One of the great second bananas of silent comedy, Al St. John was the nephew of Roscoe “Fatty” Arbuckle, who’d promised St. John’s parents to keep their son out of the movie business. That didn’t prevent Arbuckle’s wife Minta Durfee arranging for an impressed Mack Sennett to catch St. John doing bicycle tricks. Initially hired for stunt work and bit roles (including a Keystone Cop), he became a reliable foil to Arbuckle, his stringbean physique providing an amusing contrast to his uncle’s heft in classics such as Fatty and Mabel Adrift (1916).

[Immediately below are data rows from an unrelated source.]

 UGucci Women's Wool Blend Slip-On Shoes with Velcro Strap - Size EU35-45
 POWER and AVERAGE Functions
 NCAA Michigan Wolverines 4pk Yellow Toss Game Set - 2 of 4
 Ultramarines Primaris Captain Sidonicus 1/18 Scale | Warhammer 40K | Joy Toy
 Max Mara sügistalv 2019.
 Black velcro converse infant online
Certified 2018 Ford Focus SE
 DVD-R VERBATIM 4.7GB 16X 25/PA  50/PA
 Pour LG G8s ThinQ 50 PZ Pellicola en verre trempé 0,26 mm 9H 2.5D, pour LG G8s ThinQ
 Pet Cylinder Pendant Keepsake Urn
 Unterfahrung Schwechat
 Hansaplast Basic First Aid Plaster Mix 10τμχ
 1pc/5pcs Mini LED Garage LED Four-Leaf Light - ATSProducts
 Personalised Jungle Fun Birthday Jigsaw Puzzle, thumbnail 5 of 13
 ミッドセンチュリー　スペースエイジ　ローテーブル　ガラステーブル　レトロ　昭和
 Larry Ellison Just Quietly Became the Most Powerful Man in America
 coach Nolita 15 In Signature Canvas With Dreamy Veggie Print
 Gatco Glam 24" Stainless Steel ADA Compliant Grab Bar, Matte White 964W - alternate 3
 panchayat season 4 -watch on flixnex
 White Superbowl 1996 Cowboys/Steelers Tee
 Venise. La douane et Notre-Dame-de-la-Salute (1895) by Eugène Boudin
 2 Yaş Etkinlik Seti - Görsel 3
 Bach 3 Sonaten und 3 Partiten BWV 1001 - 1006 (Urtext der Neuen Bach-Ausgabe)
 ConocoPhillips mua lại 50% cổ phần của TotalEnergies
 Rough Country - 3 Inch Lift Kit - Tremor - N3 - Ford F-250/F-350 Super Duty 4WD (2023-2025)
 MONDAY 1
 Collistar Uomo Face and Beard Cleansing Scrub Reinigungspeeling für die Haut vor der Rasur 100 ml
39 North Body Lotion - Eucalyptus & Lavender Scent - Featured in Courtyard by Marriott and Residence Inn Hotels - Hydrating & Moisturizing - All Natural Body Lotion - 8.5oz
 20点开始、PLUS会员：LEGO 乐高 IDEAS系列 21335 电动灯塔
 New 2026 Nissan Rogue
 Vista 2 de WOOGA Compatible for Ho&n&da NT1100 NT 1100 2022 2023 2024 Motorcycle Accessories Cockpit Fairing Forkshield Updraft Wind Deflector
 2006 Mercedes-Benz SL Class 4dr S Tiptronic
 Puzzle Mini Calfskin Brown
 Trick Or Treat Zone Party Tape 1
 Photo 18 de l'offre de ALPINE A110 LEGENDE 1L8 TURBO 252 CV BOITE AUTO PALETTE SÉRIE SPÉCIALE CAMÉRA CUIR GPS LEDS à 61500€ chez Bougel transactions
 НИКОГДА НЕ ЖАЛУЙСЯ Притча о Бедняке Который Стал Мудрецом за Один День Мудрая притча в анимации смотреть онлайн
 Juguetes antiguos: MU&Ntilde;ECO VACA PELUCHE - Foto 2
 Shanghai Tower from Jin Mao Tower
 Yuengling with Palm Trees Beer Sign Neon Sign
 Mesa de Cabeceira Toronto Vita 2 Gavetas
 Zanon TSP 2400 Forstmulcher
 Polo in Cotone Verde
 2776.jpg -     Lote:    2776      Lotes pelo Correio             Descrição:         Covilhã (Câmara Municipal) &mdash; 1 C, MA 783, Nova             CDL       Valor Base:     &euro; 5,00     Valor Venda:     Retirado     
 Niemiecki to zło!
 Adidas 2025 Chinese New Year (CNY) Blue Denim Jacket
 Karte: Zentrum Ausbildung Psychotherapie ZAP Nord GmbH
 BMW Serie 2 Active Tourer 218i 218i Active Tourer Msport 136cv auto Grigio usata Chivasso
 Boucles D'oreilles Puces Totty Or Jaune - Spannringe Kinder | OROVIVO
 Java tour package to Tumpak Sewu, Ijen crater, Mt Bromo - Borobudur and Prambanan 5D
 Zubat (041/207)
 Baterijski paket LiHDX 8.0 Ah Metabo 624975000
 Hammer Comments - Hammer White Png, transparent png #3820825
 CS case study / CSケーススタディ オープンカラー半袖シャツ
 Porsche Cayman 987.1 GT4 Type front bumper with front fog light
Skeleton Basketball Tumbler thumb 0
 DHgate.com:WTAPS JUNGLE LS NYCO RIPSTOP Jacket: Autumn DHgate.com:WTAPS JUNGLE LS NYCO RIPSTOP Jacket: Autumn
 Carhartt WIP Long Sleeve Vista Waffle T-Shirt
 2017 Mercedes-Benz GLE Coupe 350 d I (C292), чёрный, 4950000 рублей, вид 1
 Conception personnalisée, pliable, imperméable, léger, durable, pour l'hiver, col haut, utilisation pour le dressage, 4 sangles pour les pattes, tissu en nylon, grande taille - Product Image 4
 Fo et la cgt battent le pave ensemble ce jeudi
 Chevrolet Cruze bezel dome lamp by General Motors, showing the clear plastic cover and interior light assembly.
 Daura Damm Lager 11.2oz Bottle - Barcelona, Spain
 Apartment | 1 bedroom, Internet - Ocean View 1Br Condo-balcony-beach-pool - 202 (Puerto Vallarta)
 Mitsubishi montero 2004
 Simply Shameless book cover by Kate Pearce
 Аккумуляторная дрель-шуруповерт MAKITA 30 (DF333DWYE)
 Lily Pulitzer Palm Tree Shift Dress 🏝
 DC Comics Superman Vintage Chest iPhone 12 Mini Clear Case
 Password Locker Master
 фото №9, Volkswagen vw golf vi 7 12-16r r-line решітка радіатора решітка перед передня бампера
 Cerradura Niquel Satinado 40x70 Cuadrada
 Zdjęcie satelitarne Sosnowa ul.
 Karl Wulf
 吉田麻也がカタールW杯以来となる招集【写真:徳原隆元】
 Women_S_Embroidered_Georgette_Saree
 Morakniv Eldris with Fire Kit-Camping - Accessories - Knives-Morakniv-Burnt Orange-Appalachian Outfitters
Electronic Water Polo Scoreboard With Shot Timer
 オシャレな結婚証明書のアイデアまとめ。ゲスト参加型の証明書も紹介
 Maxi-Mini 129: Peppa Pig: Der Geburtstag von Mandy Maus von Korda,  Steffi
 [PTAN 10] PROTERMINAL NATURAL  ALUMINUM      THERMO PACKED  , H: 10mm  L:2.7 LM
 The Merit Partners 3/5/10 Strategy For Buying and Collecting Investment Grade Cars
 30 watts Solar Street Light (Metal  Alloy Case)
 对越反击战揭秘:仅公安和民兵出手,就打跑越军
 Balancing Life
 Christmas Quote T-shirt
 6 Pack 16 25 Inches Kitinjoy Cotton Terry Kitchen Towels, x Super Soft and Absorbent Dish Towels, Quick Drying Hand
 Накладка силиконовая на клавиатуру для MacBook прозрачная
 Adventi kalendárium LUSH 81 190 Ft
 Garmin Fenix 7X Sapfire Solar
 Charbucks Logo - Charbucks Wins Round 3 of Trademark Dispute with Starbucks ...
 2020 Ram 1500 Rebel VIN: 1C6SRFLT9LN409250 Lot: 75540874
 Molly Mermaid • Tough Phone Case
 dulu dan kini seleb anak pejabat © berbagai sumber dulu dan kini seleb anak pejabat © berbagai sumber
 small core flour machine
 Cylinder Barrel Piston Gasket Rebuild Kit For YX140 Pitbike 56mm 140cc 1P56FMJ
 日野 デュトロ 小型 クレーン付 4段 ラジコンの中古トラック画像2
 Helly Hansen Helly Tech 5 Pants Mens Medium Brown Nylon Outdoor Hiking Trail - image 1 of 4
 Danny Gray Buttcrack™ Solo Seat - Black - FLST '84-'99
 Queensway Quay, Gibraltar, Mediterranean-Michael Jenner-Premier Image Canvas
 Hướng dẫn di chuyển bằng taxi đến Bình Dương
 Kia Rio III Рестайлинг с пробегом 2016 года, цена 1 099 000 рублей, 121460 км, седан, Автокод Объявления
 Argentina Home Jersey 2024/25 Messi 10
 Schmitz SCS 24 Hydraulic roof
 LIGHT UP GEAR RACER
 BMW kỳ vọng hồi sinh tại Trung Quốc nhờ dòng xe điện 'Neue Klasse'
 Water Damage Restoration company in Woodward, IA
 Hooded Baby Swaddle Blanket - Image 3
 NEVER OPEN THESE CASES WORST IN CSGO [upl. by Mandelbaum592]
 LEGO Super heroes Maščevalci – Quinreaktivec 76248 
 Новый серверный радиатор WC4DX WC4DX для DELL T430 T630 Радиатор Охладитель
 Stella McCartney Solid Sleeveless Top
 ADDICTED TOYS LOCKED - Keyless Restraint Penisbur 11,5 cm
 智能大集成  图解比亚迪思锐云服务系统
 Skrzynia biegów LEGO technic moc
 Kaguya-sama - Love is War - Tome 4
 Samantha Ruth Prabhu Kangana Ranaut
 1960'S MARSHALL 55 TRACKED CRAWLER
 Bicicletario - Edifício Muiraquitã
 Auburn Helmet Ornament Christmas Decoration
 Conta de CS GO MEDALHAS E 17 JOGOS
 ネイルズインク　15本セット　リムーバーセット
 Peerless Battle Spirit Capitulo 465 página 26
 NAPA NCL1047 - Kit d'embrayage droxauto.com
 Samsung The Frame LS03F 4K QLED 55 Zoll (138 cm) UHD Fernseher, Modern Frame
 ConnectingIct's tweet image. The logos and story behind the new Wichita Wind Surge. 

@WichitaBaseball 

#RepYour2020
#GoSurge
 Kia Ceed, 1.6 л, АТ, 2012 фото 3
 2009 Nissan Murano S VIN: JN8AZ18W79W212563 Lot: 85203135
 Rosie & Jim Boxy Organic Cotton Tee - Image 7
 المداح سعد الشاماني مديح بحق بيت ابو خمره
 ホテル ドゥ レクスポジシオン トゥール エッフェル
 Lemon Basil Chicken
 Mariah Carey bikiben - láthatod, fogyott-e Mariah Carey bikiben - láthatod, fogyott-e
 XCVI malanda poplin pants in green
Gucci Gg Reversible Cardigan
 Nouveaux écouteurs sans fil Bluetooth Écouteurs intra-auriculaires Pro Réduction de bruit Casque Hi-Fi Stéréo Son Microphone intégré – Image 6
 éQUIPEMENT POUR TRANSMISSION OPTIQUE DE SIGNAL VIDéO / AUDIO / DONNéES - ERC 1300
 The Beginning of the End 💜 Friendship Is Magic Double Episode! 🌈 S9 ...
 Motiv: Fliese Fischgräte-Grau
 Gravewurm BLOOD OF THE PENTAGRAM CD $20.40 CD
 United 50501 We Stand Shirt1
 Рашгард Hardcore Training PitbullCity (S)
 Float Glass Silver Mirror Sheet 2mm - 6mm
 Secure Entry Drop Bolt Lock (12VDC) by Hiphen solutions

When Arbuckle left Keystone to form Comique, his own production company, St. John followed. Starting with their fist production, The Butcher Boy (1917), they were joined by a young vaudevillian named Buster Keaton. By 1920 Arbuckle was promoted to features, leaving Keaton as Comique’s star. St. John went solo and spent the rest of the decade starring in shorts for Paramount, Warner Brothers, Fox, and Educational. Several were directed by Arbuckle, whose acting career had been wrecked by the Virginia Rappe scandal in 1921.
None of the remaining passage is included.